Wednesday, June 28, 2006

Me and my fam roll tight like The Firm...really?

David Ruffin really knew how to get to the core of bad emotions. I’m sitting here listening to the classic “So Soon We Change” and the mailperson (Kam is politically correct in '06) finally delivered my copy of the new XXL. The magazine took an in-depth look into the making of Reasonable Doubt, so how ironic is it that I’m looking at a Jay-Z cover story while listening to a song about a seemingly unbreakable bond suddenly falling apart?

When Jay dropped his smash debut in ’96, he brought a more believable flair to the New York “jiggy” era. The future King of New York formed a royal triumvirate with the flashy Dame Dash and silent killer Biggs that seemed like it would one day conquer the world. Eight consecutive platinum albums – six of them multi-platinum – later, it’s obvious that they did. But you know how the story goes. Royalty can only reign for so long before trouble arrives, and the Roc Dynasty collapsed just like every empire before it. There’s a reason people say kings must die; it’s an inevitable truth.
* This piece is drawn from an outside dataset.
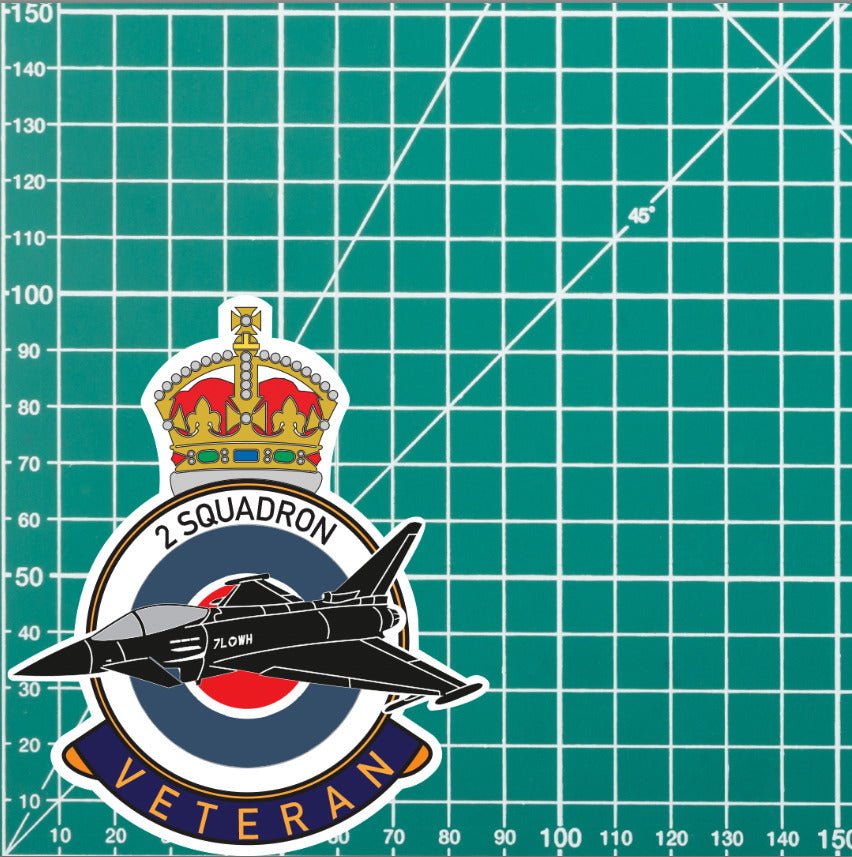 RAF 2 Squadron Veterans Badge Vinyl Sticker - Typhoon Aircraft redplume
But still, I must ask why? Rome kept the party going for a millennia and a half. The Greeks, Ancient Egyptians, Colonial European powers – they all had centuries of rulership. How come Roc-A-Fella Records couldn’t even make it to the 10 year anniversary of Reasonable Doubt? We’ve been bombarded with theories and bullshit reasons to explain the split, but none have ever pleased my curiosity. Magazines have tried to analyze the situation, but even after hearing both sides of the story, I’m still left being unsatisfied with the conclusion. Maybe M. Night Shyamalan wrote the script for this Roc-A-Fella saga. And if you pay attention to headlines, whatever created the riff between Jay-Z and Dame/Biggs probably isn’t exclusive to their situation. There’s plenty of dissension going on in hip-hop. But this isn’t a hip-hop thing. David Ruffin was bucking heads with Otis Williams and the rest of the Temptations long before Kool Herc was scratching records in the Bronx. Hey, maybe it’s a black thing. No, wait; Van Halen and a long list of other white rock bands will confirm that’s not the answer either.
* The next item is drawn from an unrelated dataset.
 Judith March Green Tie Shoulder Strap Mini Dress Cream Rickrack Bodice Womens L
There are a lot of suspects in the deaths of the Roc and musical civility, but the assailant I’d put my Clue prowess on is conceit. All of the aforementioned empires collapsed because egos and alpha-male struggles prevented any chance of cooperation. Alexander the Great conquered the known world and his death caused mayhem when his generals fought each other for power. The Roc Familia conquered the music industry and couldn’t keep things together after The Black Album was released. What an unfortunate similarity. My guess is that a clash of egos killed the Roc, which is probably just as good as any other explanation since nobody wants to come clean about the end of the Jay/Dame/Biggs union. Even in their separate interviews for XXL, neither shed light on the situation. Dame even plainly states he doesn’t know why they couldn’t stay strong in his “Talking That Talk” feature.

I don’t even think I can listen to the shit [Reasonable Doubt] right now because I think things went so far the other way. At that time, what transpired now, we would’ve bet billions that it could have never happened. Back then, like, if we were to say, “Yo, in 10 years, Jay’s gonna do this and take the name, and he’s gonna be a part of Def Jam you guys, you know…” Like that would have never crossed our minds… It was all about friendship back then. I don’t know where that went.
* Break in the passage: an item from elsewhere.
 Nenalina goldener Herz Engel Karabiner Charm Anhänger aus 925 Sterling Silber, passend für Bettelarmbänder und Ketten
The mystery shall continue, but I am grateful that I gained a lot of insight into a classic album. I just wish that I could have focused more on that instead of trying to figure out why the people who gave me Reasonable Doubt grew apart. And on a wider scale I’m trying to figure out why that seems to happen so often. Our generation – possibly more so than the ones before us – is so prone to bickering and narcissism that we can never sustain the greatness we build. We don’t suppress our egos; we flaunt and inflate them to the point that our heads are as big as Jason Kidd’s son. We turn our friends to foes so easily and just accept it as politics as usual.

As we appreciate the coming of age story that is Reasonable Doubt, we should try to at least succeed where d’evils caused its creators to fail – stay loyal to one another. Even though they couldn’t remain united, three young black men rose from nothing and conquered the world. You can’t knock the hustle of that.